━━━━━ Given data ━━━━━

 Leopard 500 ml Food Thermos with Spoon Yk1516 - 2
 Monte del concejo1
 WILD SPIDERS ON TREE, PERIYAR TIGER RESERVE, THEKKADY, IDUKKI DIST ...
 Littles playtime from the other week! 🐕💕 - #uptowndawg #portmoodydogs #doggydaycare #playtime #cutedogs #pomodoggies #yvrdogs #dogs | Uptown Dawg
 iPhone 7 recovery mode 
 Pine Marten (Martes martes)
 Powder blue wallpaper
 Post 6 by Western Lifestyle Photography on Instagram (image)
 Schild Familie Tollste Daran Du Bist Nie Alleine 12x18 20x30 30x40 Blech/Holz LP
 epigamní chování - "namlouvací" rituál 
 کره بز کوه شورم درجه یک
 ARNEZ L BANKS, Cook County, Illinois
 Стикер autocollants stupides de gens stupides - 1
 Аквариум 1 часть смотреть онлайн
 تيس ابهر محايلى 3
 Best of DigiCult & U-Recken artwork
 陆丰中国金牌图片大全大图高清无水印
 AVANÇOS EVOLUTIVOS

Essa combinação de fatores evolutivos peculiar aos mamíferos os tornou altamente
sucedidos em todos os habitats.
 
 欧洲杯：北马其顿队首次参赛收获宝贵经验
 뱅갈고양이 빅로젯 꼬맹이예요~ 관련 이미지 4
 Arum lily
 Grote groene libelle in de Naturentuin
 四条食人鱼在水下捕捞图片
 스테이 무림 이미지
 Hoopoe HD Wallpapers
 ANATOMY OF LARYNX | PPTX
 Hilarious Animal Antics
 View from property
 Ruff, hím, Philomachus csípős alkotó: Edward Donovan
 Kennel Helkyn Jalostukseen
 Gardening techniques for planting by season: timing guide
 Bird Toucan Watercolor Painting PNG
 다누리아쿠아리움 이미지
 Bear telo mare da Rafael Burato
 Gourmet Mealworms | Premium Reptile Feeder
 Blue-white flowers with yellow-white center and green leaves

━━━━━

** Prompt **
Using the records above, count every line that includes the word "with", and state the number only.

** Solution to the problem **
2